In order to insure that the anchor line is dispensed as quickly as possible when the buoy is deployed to insure an accurate mark, the crank arm which is normally utilized to reel in the anchor line is designed to be removably received on a spindle which supports the reel element for the anchor line dispensing assembly. The buoy is designed to be lightweight and is primarily constructed of PVC, ABS or other plastic tubing which may be transparent as in the case with the signal support post or pole with the float being preferrably formed of a durable plastic material which may be polyurethane or polystyrene foam. The entire buoy is constructed along a common vertical axis to facilitate the stabilization of the device and to prevent any interference with the anchor line and the dispensing mechanism by any motor craft passing adjacent to the buoy or marker.

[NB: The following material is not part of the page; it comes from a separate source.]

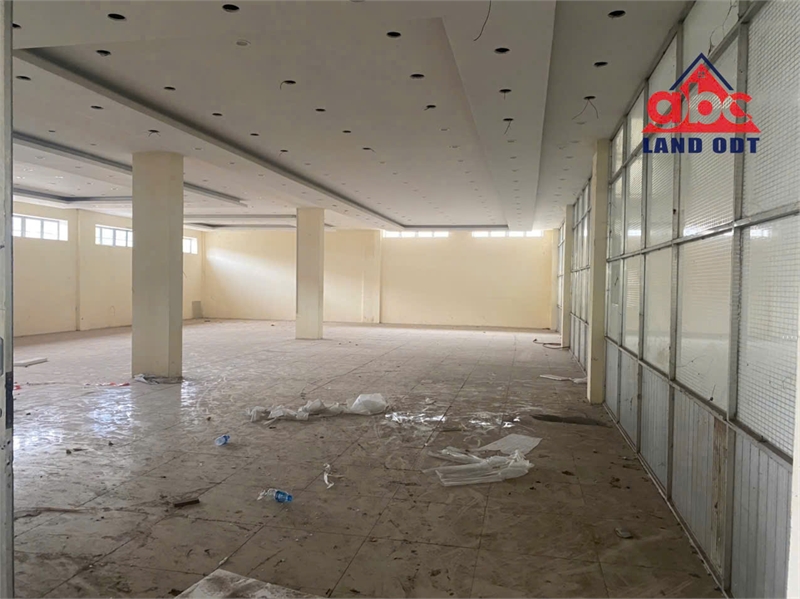 XT490 Cho thuê nhà xưởng công nghiệp đang hoạt động SX gỗ nội thất xuất khẩu, giao xưởng liền - Ảnh 3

It is a primary object of the present invention to provide a portable lightweight buoy marker which can be utilized by individual boaters to mark a specific location in the water and which allows the anchor line to be automatically played out or dispensed and then locked from further deployment upon the anchor reaching the floor of the body of water.
It is another object of the present invention to provide a portable buoy marker which is assembled from several components which are threadingly engagable with one another so as to form a composite buoy without the need for utilizing any tools or other equipment to assemble the buoy for deployment or to break apart the buoy for storage.
It is another object of the present invention to provide a portable buoy marker which provides a transparent housing elevated above the water surface in which a chemiluminescent light source may be selectively disposed in order to create a signal for hours of darkness so that a light source is created without the need for electronic circuitry or batteries which may be fouled by the presence of any water within the buoy.
It is another object of the present invention to provide a buoy which may be used either during hours of darkness or daylight and incorporates signal support means which may house a light source which may be chemiluminescent or some other type of low cost self-contained light and which also may support a separate flag for use during daylight hours.
Another object of the present invention is to provide an automatic anchor line dispensing assembly for controlling the deployment of the anchor line from a portable buoy wherein the reel is automatically locked in position when tension is released as the anchor engages the bottom of a body of water by the non-rotational movement of the reel which would normally during its rotation maintain the locking mechanism in a nonengaged and non-locked position so that the operation of the locking mechanism is totally responsive to the rotational movement of the anchor line dispensing assembly.
It is a further object of the present invention to provide a portable buoy marker for use in aquatic environments wherein the anchor line dispensing assembly for deploying the anchor line includes a crank handle which is easily removable prior to deployment of the buoy to thereby facilitate the rapid dispensing of the anchor line upon initial deployment of the buoy and which may be easily attached without tools in order to effect the reeling in of the anchor line when the buoy is being retrieved.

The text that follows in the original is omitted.